Third edition of Artificial Intelligence: foundations of computational agents, Cambridge University Press, 2023 is now available (including the full text).

7.5.2 Cross Validation

The problem with the previous methods is that they require a notion of simplicity to be known before the agent has seen any data. It would seem as though an agent should be able to determine, from the data, how complicated a model needs to be. Such a method could be used when the learning agent has no prior information about the world.

The idea of cross validation is to split the training set into two: a set of examples to train with, and a validation set. The agent trains using the new training set. Prediction on the validation set is used to determine which model to use.
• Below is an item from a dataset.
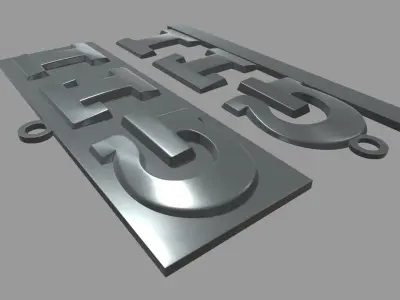 Volkswagen GTI Key Ring Chain 3D print model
Consider a graph such as the one in Figure 7.13. The error of the training set gets smaller as the size of the tree grows. The idea of cross validation is to choose the representation in which the error of the validation set is a minimum. In these cases, learning can continue until the error of the validation set starts to increase.

The validation set that is used as part of training is not the same as the test set. The test set is used to evaluate how well the learning algorithm works as a whole. It is cheating to use the test set as part of learning. Remember that the aim is to predict examples that the agent has not seen. The test set acts as a surrogate for these unseen examples, and so it cannot be used for training or validation.
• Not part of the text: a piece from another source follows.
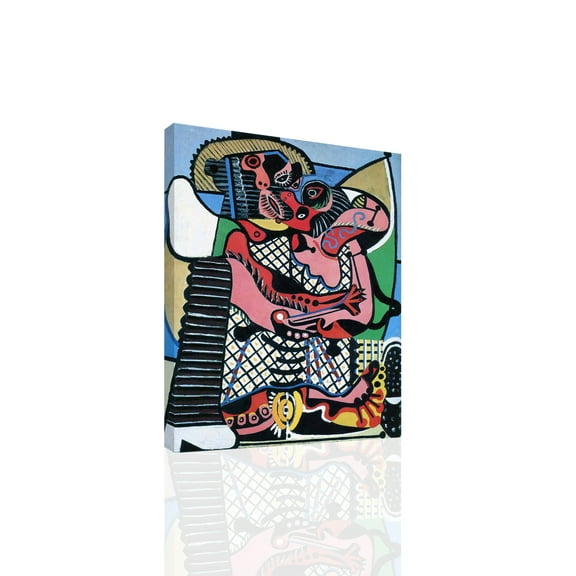 "The Kiss, Picasso - CANVAS or PRINT WALL ART"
Typically, we want to train on as many examples as possible, because then we get better models. However, having a small validation set means that the validation set may fit well, or not fit well, just by luck. There are various methods that have been used to reuse examples for both training and validation.
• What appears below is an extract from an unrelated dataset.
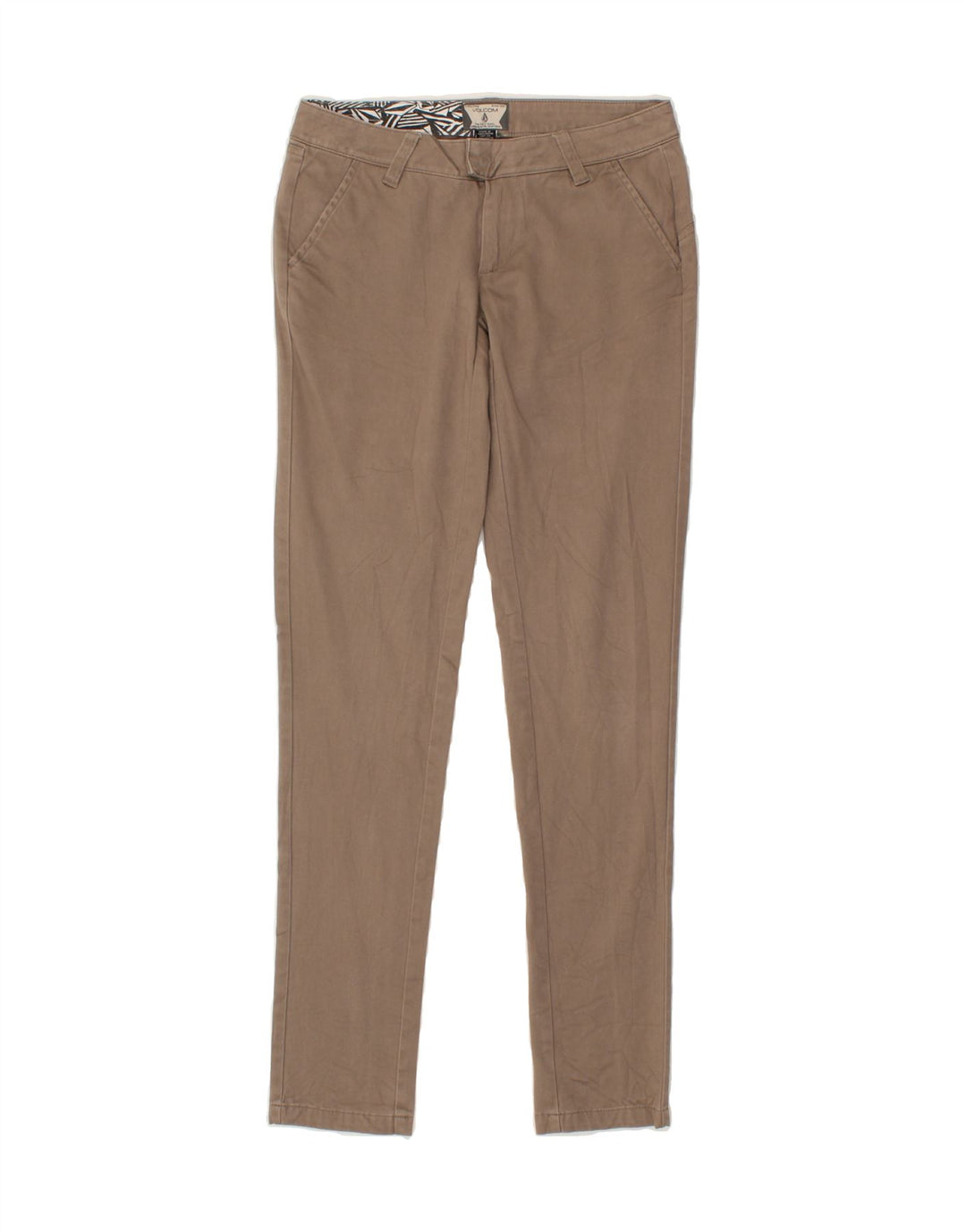 VOLCOM Womens Skinny Chino Trousers W24  L30 Beige Cotton Vintage Volcom and Second-Hand Volcom from Messina Hembry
One method, k-fold cross validation, is used to determine the best model complexity, such as the depth of a decision tree or the number of hidden units in a neural network. The method of k-fold cross validation partitions the training set into k sets. For each model complexity, the learner trains k times, each time using one of the sets as the validation set and the remaining sets as the training set. It then selects the model complexity that has the smallest average error on the validation set (averaging over the k runs). It can return the model with that complexity, trained on all of the data.